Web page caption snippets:
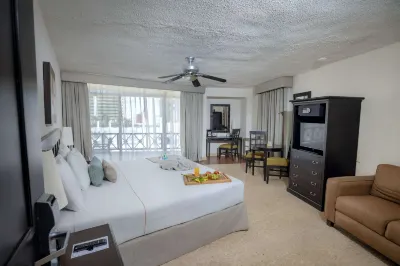 Best Western Hotel Posada Freeman Zona Dorada Hotels in 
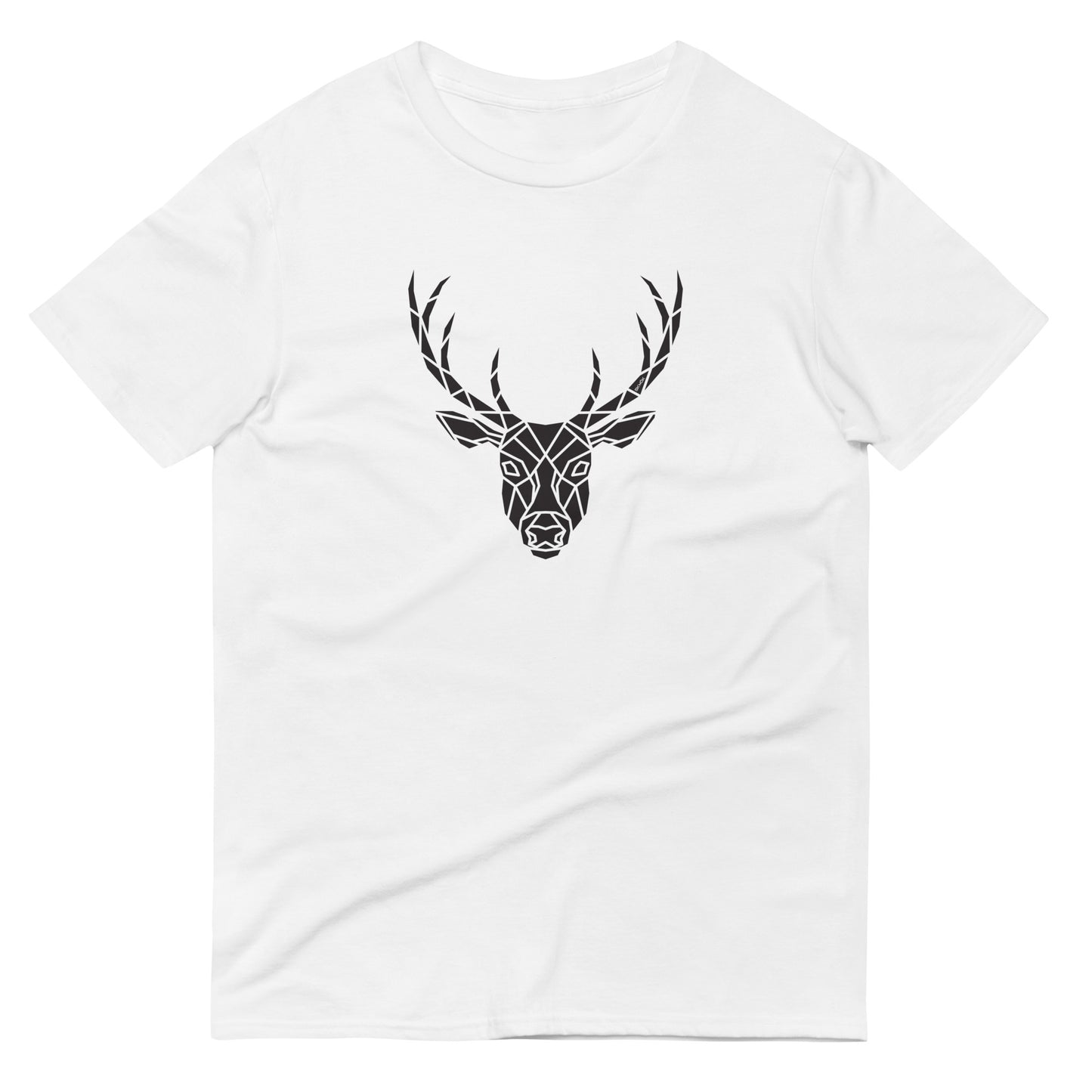 Skwok Brand / #23 / T-shirt / Big Buck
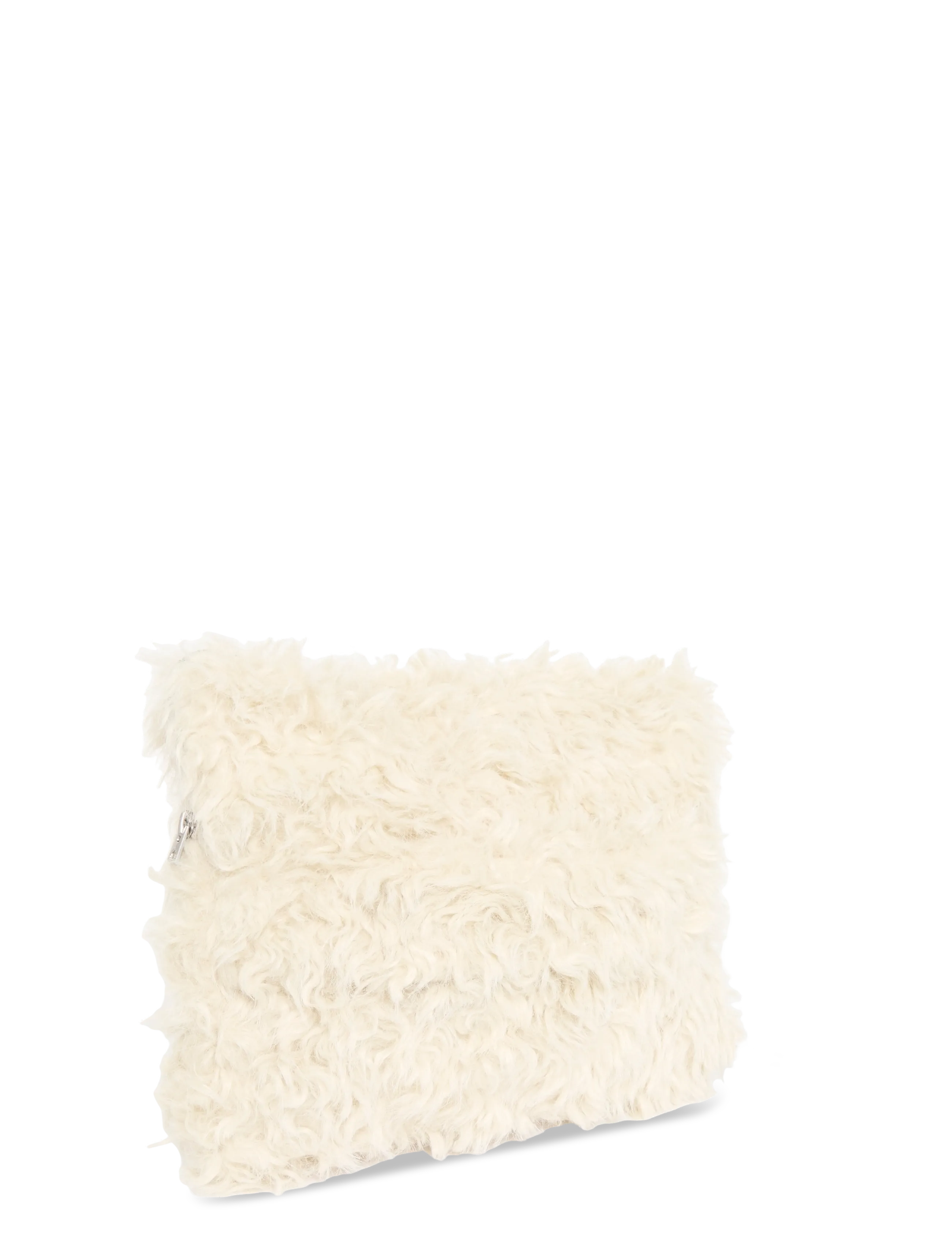 Weekday - Erika Laptop Case - modetrends - off white - 2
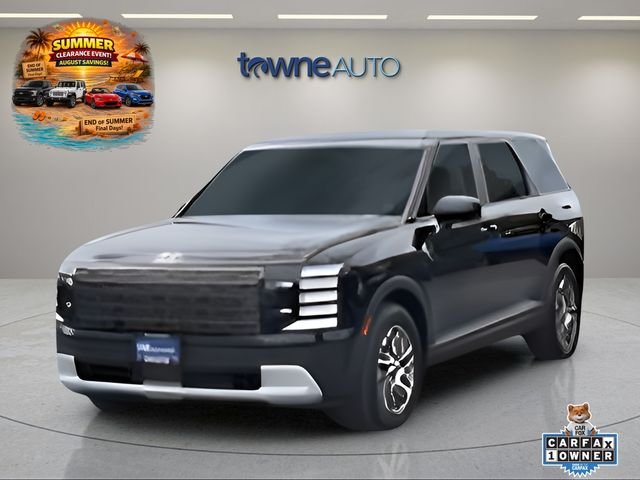 2026 Hyundai Palisade SE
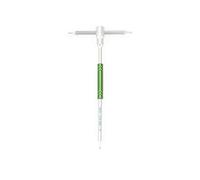 Park Tool THT-6 - Llave Torx Unisex, Color Plateado, T6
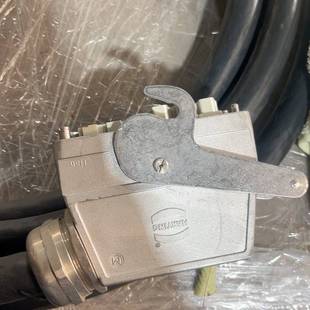 动力线 线长 465 7米 182 可维修库卡机器人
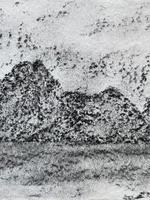 The Cuillins Over Loch Scavaig From Elgol, Isle of Skye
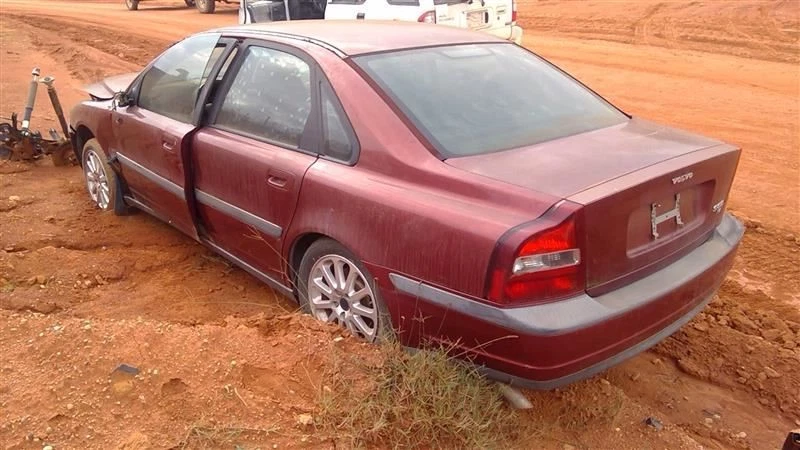 Radiador compatible con 99-06 VOLVO SERIE 80 181810 Foto 4 de 4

EXERCISE BRIEF
Make an exact copy of the records, pictures excluded.

EXERCISE ANSWER
 Best Western Hotel Posada Freeman Zona Dorada Hotels in 
 Skwok Brand / #23 / T-shirt / Big Buck
 Weekday - Erika Laptop Case - modetrends - off white - 2
 2026 Hyundai Palisade SE
 Park Tool THT-6 - Llave Torx Unisex, Color Plateado, T6
 动力线 线长 465 7米 182 可维修库卡机器人
 The Cuillins Over Loch Scavaig From Elgol, Isle of Skye
 Radiador compatible con 99-06 VOLVO SERIE 80 181810 Foto 4 de 4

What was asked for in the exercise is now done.